▸ TASK BRIEF
Output exactly the lines of the listing below that run from the line with "Simple Photo She" through the line with "Black And White". No pictures.
Segment Start: DATA PROVIDED
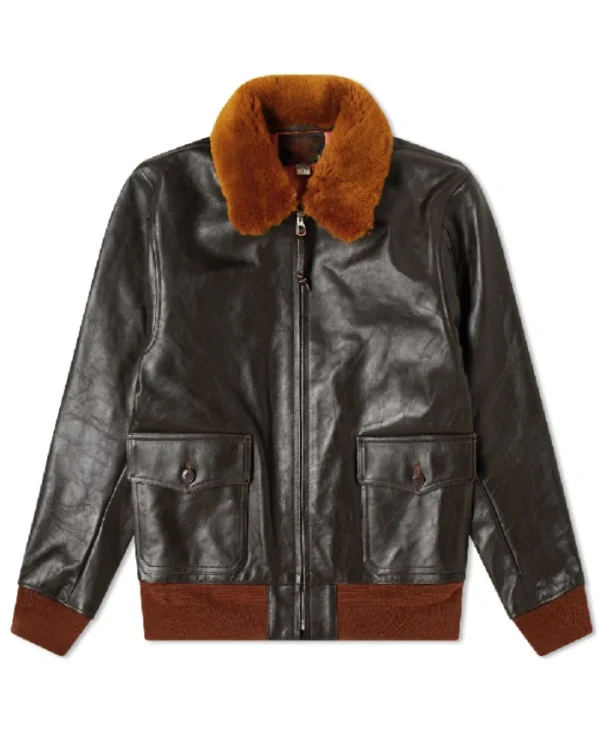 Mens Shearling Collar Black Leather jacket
Segment End: DATA PROVIDED
Segment Start: DATA PROVIDED
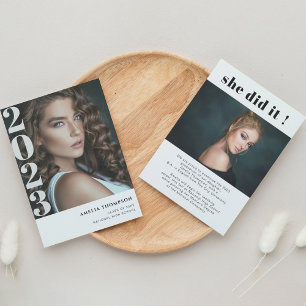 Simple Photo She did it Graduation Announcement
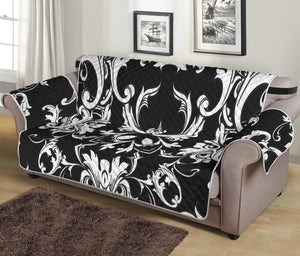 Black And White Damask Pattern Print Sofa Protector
Segment End: DATA PROVIDED
Segment Start: DATA PROVIDED
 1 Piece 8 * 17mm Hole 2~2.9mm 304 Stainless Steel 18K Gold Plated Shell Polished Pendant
Segment End: DATA PROVIDED
▸ REPLY TO THE EXERCISE
 Simple Photo She did it Graduation Announcement
 Black And White Damask Pattern Print Sofa Protector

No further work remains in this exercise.